Crawled caption data
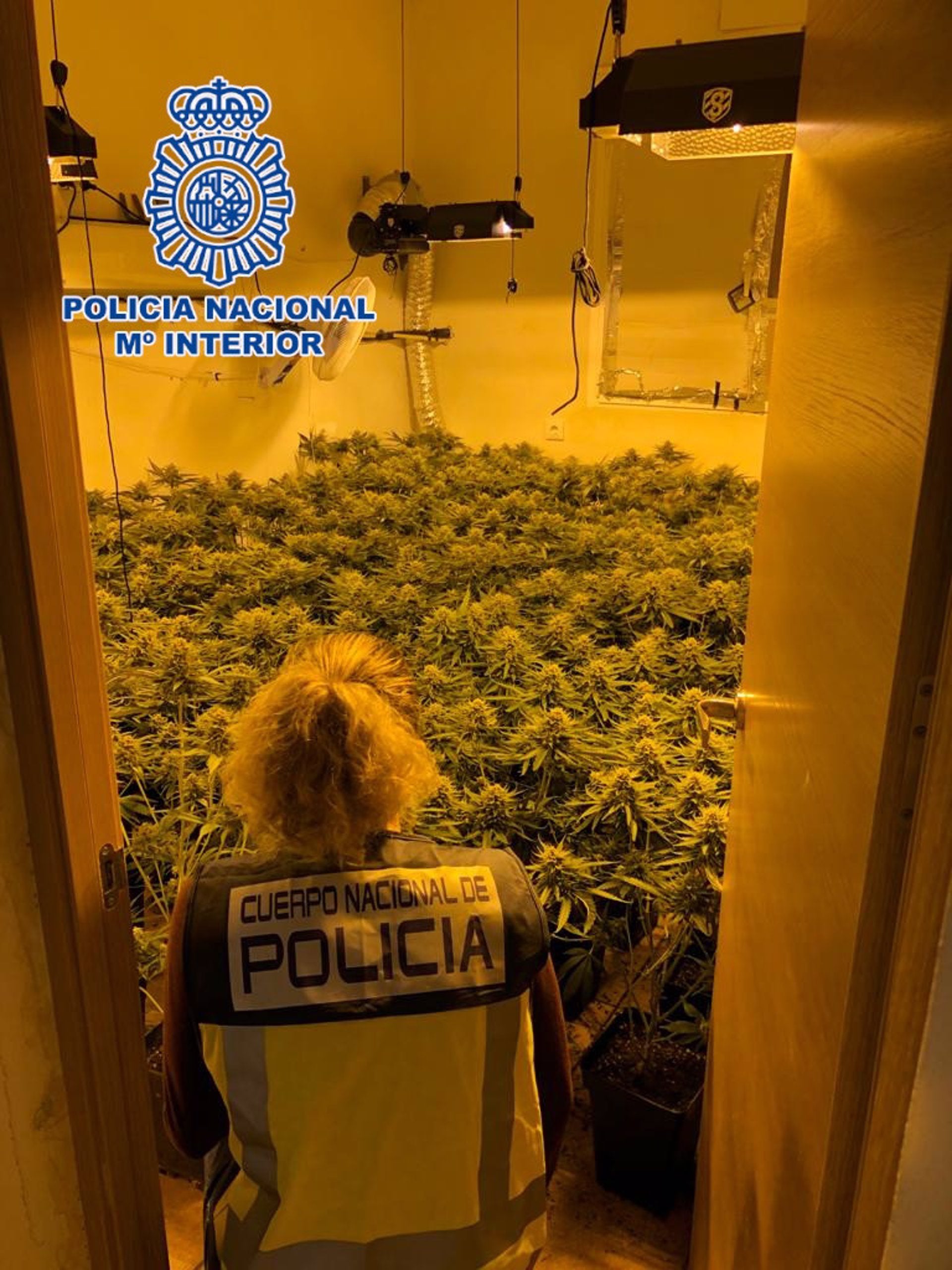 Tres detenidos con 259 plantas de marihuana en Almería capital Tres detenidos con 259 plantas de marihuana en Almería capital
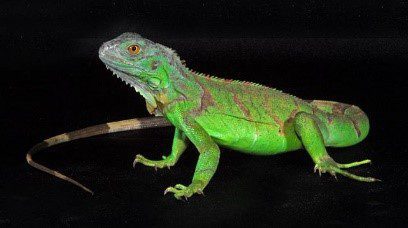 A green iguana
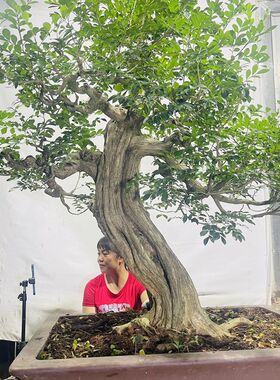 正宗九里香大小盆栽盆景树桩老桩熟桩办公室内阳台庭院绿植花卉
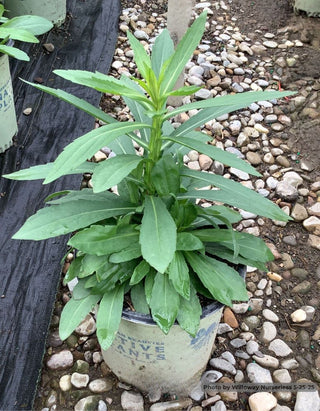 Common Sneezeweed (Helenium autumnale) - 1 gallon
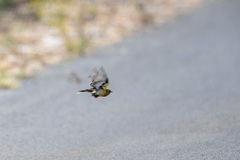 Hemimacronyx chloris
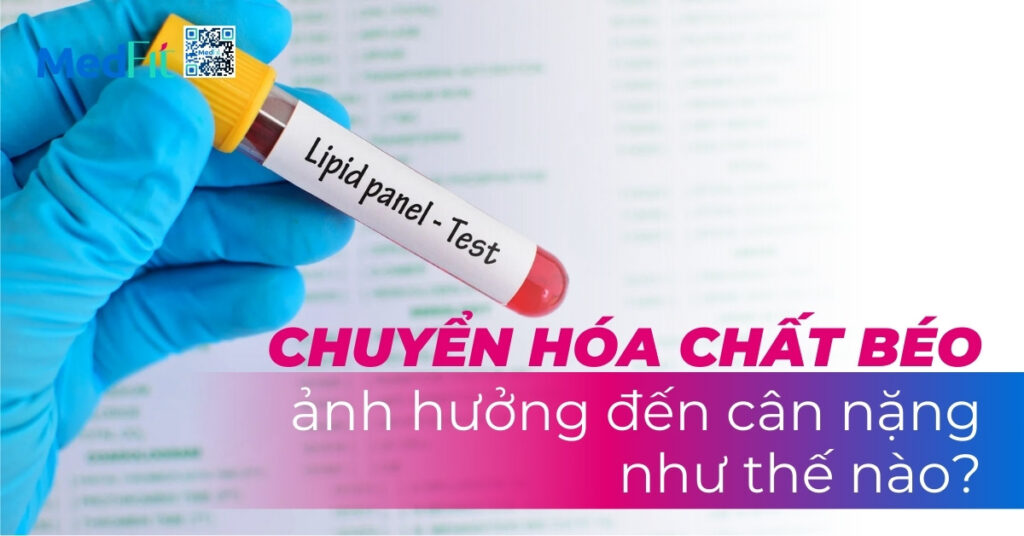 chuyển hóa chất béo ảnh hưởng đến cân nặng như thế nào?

■ What you should do ■
Set the records down again exactly as given, and leave the pictures out.

■ Exercise result ■
 Tres detenidos con 259 plantas de marihuana en Almería capital Tres detenidos con 259 plantas de marihuana en Almería capital
 A green iguana
 正宗九里香大小盆栽盆景树桩老桩熟桩办公室内阳台庭院绿植花卉
 Common Sneezeweed (Helenium autumnale) - 1 gallon
 Hemimacronyx chloris
 chuyển hóa chất béo ảnh hưởng đến cân nặng như thế nào?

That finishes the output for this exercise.